> EXERCISE DIRECTIONS: The lines from the one with "Mit seiner neuartigen" through the last line of the material below, copied exactly and free of pictures, make up the whole answer.

> DATASET EXCERPT:
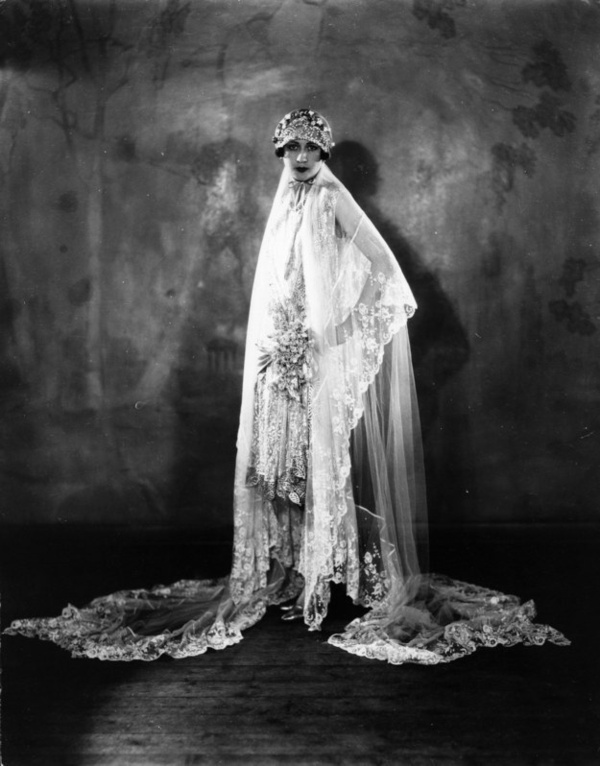 只能是白色？怎么清洗保存？另一种视角看婚纱|张小玉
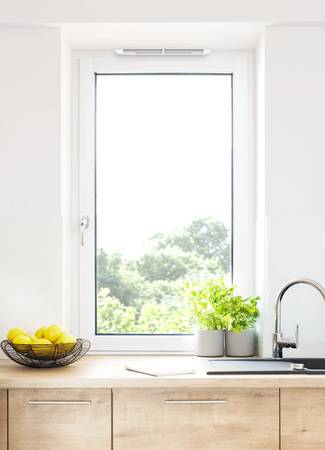 Mit seiner neuartigen Einbauweise nutzt der AEROMAT flex HY vorhandenen Bauraum und erlaubt die dezente Integration in die Gebäudehülle.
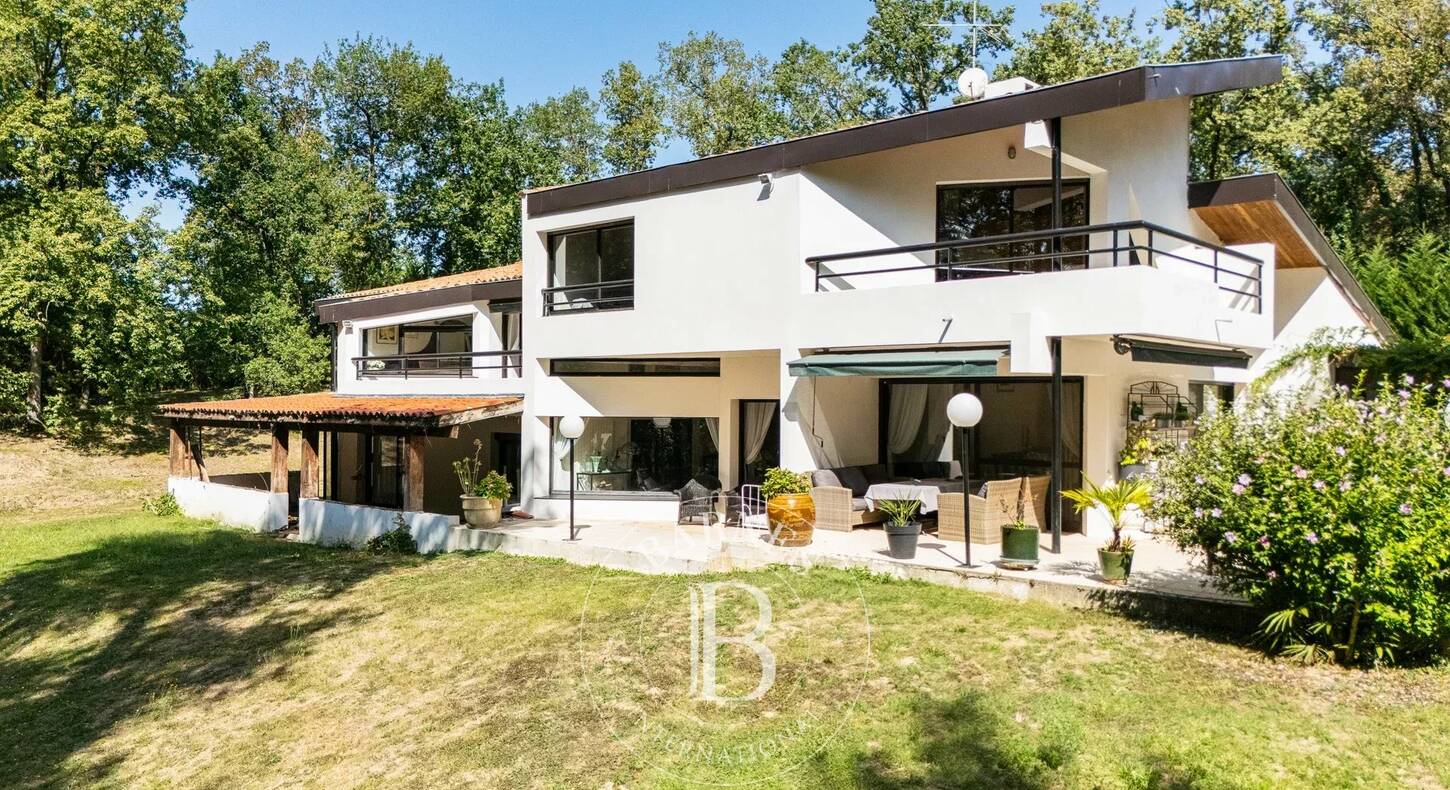 Show - BARNES Agency, luxury real estate in Toulouse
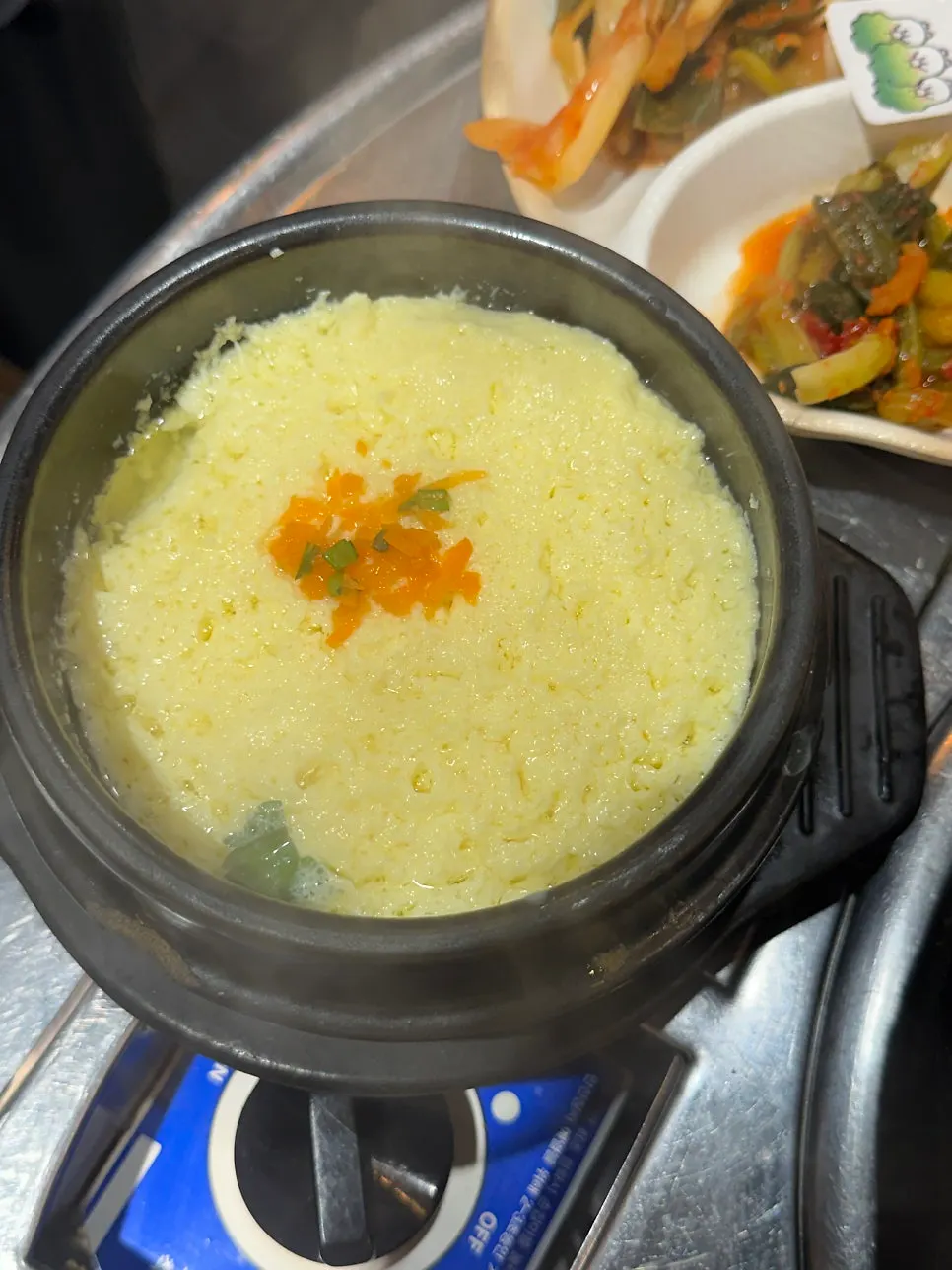 직접 담근 김치 3종과 부추, 간장마늘소스 밑반찬 상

> ANSWER AREA:
 Mit seiner neuartigen Einbauweise nutzt der AEROMAT flex HY vorhandenen Bauraum und erlaubt die dezente Integration in die Gebäudehülle.
 Show - BARNES Agency, luxury real estate in Toulouse
 직접 담근 김치 3종과 부추, 간장마늘소스 밑반찬 상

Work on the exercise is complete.